Exercise details
Restate word for word the lines in the listing below, starting at the line containing "51167285005 - Mirror" and ending at the line containing "برکه - تصویر 1", both included; leave out the rest.
▬▬▬
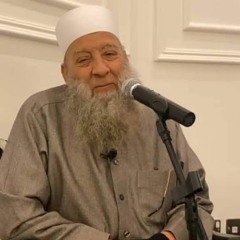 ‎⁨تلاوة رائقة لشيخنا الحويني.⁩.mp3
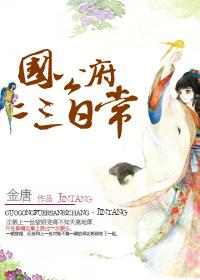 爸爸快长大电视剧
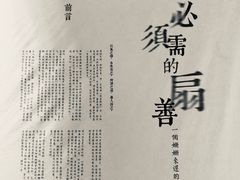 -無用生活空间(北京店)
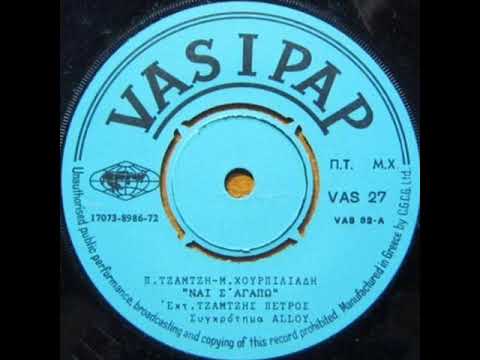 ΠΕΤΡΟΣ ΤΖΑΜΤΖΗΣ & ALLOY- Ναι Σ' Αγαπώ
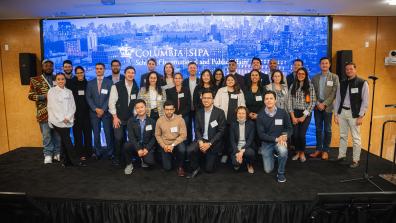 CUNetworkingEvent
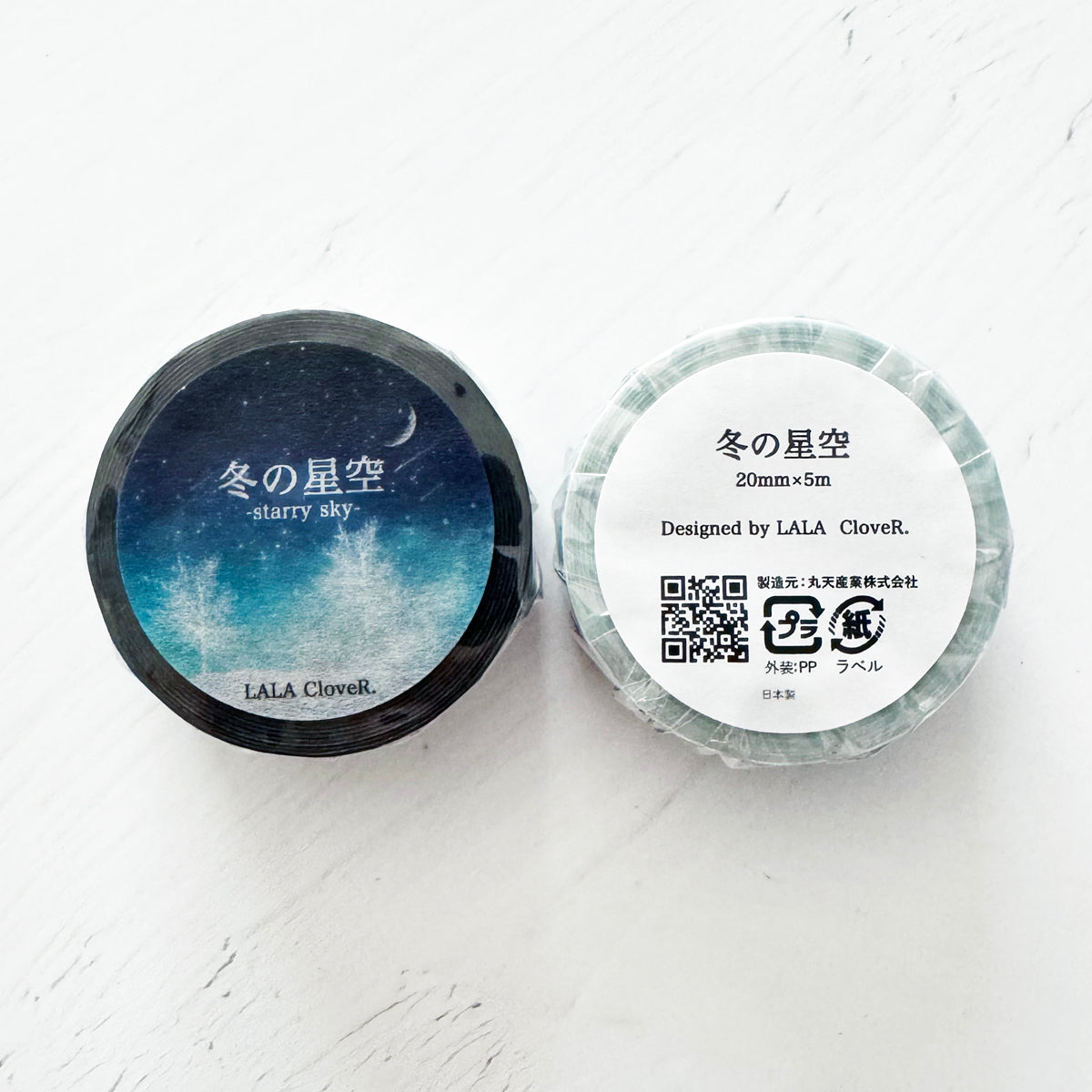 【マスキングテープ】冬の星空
▬▬▬
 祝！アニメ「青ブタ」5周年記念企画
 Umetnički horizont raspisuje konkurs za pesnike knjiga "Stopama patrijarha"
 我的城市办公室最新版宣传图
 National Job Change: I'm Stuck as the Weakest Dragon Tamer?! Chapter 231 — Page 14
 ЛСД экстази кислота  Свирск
▬▬▬
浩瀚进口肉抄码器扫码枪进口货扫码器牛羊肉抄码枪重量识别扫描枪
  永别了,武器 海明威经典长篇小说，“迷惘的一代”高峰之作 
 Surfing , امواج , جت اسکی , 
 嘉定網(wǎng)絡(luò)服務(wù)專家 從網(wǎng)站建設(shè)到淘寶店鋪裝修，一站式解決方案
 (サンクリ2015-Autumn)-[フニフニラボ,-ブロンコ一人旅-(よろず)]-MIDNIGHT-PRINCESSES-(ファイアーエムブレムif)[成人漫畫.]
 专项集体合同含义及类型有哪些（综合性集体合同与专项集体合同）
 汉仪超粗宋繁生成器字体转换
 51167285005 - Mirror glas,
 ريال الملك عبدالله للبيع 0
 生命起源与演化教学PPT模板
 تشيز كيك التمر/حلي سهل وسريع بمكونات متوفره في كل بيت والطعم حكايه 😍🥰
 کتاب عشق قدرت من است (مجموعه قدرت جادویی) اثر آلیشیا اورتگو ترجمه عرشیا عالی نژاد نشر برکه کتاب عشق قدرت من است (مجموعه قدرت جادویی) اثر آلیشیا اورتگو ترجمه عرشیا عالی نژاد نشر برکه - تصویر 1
▬▬▬
Output
 51167285005 - Mirror glas,
 ريال الملك عبدالله للبيع 0
 生命起源与演化教学PPT模板
 تشيز كيك التمر/حلي سهل وسريع بمكونات متوفره في كل بيت والطعم حكايه 😍🥰
 کتاب عشق قدرت من است (مجموعه قدرت جادویی) اثر آلیشیا اورتگو ترجمه عرشیا عالی نژاد نشر برکه کتاب عشق قدرت من است (مجموعه قدرت جادویی) اثر آلیشیا اورتگو ترجمه عرشیا عالی نژاد نشر برکه - تصویر 1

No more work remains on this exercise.